> [AIM OF THE TASK] Copy out all of the entries below without any change.

BEGIN EXTRACTED DATA

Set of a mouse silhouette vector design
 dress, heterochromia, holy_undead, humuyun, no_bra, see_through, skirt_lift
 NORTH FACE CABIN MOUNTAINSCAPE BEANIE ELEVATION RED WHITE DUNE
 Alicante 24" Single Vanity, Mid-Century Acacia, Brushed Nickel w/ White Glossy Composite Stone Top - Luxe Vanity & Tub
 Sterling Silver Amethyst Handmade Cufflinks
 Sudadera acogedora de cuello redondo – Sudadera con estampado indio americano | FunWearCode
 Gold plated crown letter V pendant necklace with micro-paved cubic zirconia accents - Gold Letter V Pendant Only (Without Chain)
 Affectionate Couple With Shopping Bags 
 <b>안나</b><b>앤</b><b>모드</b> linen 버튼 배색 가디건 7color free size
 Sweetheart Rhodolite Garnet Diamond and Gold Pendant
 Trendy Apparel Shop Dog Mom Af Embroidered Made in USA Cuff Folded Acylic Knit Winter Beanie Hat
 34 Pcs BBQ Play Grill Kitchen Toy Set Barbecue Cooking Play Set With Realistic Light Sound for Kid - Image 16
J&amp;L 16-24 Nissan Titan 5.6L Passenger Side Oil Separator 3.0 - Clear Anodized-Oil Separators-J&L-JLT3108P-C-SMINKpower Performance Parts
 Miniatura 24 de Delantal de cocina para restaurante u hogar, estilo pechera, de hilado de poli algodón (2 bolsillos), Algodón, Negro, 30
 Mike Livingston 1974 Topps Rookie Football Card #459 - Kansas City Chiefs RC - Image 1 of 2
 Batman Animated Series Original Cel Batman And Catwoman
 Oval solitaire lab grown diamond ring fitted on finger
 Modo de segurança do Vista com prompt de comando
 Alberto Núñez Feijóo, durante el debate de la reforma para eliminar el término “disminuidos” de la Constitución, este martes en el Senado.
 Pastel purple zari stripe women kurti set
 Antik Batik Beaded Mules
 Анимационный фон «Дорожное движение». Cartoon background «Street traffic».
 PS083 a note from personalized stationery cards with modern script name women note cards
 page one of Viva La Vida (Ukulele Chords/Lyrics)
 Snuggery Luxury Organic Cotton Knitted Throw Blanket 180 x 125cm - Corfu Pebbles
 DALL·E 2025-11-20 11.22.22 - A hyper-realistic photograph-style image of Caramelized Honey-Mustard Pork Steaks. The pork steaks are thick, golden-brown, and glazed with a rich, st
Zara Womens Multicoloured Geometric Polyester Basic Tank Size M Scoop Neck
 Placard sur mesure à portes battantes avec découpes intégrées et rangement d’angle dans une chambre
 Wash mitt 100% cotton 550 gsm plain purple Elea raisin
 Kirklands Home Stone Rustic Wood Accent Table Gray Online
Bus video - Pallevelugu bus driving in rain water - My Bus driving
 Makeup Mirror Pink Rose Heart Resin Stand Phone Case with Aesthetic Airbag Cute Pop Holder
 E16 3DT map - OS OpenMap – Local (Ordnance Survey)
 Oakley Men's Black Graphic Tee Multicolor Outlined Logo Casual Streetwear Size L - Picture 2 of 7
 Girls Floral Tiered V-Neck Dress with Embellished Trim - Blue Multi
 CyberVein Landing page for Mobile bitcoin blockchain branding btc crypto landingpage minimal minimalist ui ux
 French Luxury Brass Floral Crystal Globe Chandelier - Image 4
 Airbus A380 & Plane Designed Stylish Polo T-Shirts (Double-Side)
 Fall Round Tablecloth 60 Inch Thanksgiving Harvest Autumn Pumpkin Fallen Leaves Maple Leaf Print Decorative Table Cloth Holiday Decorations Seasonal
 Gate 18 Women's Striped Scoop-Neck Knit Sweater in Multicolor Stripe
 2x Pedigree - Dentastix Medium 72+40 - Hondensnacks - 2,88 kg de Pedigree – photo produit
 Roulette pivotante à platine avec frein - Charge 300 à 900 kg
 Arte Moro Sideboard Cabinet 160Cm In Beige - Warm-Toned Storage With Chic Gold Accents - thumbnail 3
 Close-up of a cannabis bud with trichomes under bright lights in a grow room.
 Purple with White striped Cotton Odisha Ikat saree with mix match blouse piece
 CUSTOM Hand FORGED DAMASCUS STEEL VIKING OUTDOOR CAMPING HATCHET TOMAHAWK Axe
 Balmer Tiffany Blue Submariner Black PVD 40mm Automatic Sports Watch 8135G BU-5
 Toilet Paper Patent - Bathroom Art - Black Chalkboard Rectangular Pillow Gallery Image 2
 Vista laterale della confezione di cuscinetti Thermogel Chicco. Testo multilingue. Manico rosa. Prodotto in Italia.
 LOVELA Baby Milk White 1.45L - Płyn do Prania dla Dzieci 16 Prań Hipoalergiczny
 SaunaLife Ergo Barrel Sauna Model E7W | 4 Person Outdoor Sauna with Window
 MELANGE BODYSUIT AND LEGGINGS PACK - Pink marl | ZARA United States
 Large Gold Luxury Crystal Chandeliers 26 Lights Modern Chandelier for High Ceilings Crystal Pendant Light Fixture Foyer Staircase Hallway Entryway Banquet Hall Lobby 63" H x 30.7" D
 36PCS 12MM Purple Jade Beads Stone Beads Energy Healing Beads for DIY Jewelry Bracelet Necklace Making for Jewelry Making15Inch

END EXTRACTED DATA

> [EXERCISE OUTPUT]
Set of a mouse silhouette vector design
 dress, heterochromia, holy_undead, humuyun, no_bra, see_through, skirt_lift
 NORTH FACE CABIN MOUNTAINSCAPE BEANIE ELEVATION RED WHITE DUNE
 Alicante 24" Single Vanity, Mid-Century Acacia, Brushed Nickel w/ White Glossy Composite Stone Top - Luxe Vanity & Tub
 Sterling Silver Amethyst Handmade Cufflinks
 Sudadera acogedora de cuello redondo – Sudadera con estampado indio americano | FunWearCode
 Gold plated crown letter V pendant necklace with micro-paved cubic zirconia accents - Gold Letter V Pendant Only (Without Chain)
 Affectionate Couple With Shopping Bags 
 <b>안나</b><b>앤</b><b>모드</b> linen 버튼 배색 가디건 7color free size
 Sweetheart Rhodolite Garnet Diamond and Gold Pendant
 Trendy Apparel Shop Dog Mom Af Embroidered Made in USA Cuff Folded Acylic Knit Winter Beanie Hat
 34 Pcs BBQ Play Grill Kitchen Toy Set Barbecue Cooking Play Set With Realistic Light Sound for Kid - Image 16
J&amp;L 16-24 Nissan Titan 5.6L Passenger Side Oil Separator 3.0 - Clear Anodized-Oil Separators-J&L-JLT3108P-C-SMINKpower Performance Parts
 Miniatura 24 de Delantal de cocina para restaurante u hogar, estilo pechera, de hilado de poli algodón (2 bolsillos), Algodón, Negro, 30
 Mike Livingston 1974 Topps Rookie Football Card #459 - Kansas City Chiefs RC - Image 1 of 2
 Batman Animated Series Original Cel Batman And Catwoman
 Oval solitaire lab grown diamond ring fitted on finger
 Modo de segurança do Vista com prompt de comando
 Alberto Núñez Feijóo, durante el debate de la reforma para eliminar el término “disminuidos” de la Constitución, este martes en el Senado.
 Pastel purple zari stripe women kurti set
 Antik Batik Beaded Mules
 Анимационный фон «Дорожное движение». Cartoon background «Street traffic».
 PS083 a note from personalized stationery cards with modern script name women note cards
 page one of Viva La Vida (Ukulele Chords/Lyrics)
 Snuggery Luxury Organic Cotton Knitted Throw Blanket 180 x 125cm - Corfu Pebbles
 DALL·E 2025-11-20 11.22.22 - A hyper-realistic photograph-style image of Caramelized Honey-Mustard Pork Steaks. The pork steaks are thick, golden-brown, and glazed with a rich, st
Zara Womens Multicoloured Geometric Polyester Basic Tank Size M Scoop Neck
 Placard sur mesure à portes battantes avec découpes intégrées et rangement d’angle dans une chambre
 Wash mitt 100% cotton 550 gsm plain purple Elea raisin
 Kirklands Home Stone Rustic Wood Accent Table Gray Online
Bus video - Pallevelugu bus driving in rain water - My Bus driving
 Makeup Mirror Pink Rose Heart Resin Stand Phone Case with Aesthetic Airbag Cute Pop Holder
 E16 3DT map - OS OpenMap – Local (Ordnance Survey)
 Oakley Men's Black Graphic Tee Multicolor Outlined Logo Casual Streetwear Size L - Picture 2 of 7
 Girls Floral Tiered V-Neck Dress with Embellished Trim - Blue Multi
 CyberVein Landing page for Mobile bitcoin blockchain branding btc crypto landingpage minimal minimalist ui ux
 French Luxury Brass Floral Crystal Globe Chandelier - Image 4
 Airbus A380 & Plane Designed Stylish Polo T-Shirts (Double-Side)
 Fall Round Tablecloth 60 Inch Thanksgiving Harvest Autumn Pumpkin Fallen Leaves Maple Leaf Print Decorative Table Cloth Holiday Decorations Seasonal
 Gate 18 Women's Striped Scoop-Neck Knit Sweater in Multicolor Stripe
 2x Pedigree - Dentastix Medium 72+40 - Hondensnacks - 2,88 kg de Pedigree – photo produit
 Roulette pivotante à platine avec frein - Charge 300 à 900 kg
 Arte Moro Sideboard Cabinet 160Cm In Beige - Warm-Toned Storage With Chic Gold Accents - thumbnail 3
 Close-up of a cannabis bud with trichomes under bright lights in a grow room.
 Purple with White striped Cotton Odisha Ikat saree with mix match blouse piece
 CUSTOM Hand FORGED DAMASCUS STEEL VIKING OUTDOOR CAMPING HATCHET TOMAHAWK Axe
 Balmer Tiffany Blue Submariner Black PVD 40mm Automatic Sports Watch 8135G BU-5
 Toilet Paper Patent - Bathroom Art - Black Chalkboard Rectangular Pillow Gallery Image 2
 Vista laterale della confezione di cuscinetti Thermogel Chicco. Testo multilingue. Manico rosa. Prodotto in Italia.
 LOVELA Baby Milk White 1.45L - Płyn do Prania dla Dzieci 16 Prań Hipoalergiczny
 SaunaLife Ergo Barrel Sauna Model E7W | 4 Person Outdoor Sauna with Window
 MELANGE BODYSUIT AND LEGGINGS PACK - Pink marl | ZARA United States
 Large Gold Luxury Crystal Chandeliers 26 Lights Modern Chandelier for High Ceilings Crystal Pendant Light Fixture Foyer Staircase Hallway Entryway Banquet Hall Lobby 63" H x 30.7" D
 36PCS 12MM Purple Jade Beads Stone Beads Energy Healing Beads for DIY Jewelry Bracelet Necklace Making for Jewelry Making15Inch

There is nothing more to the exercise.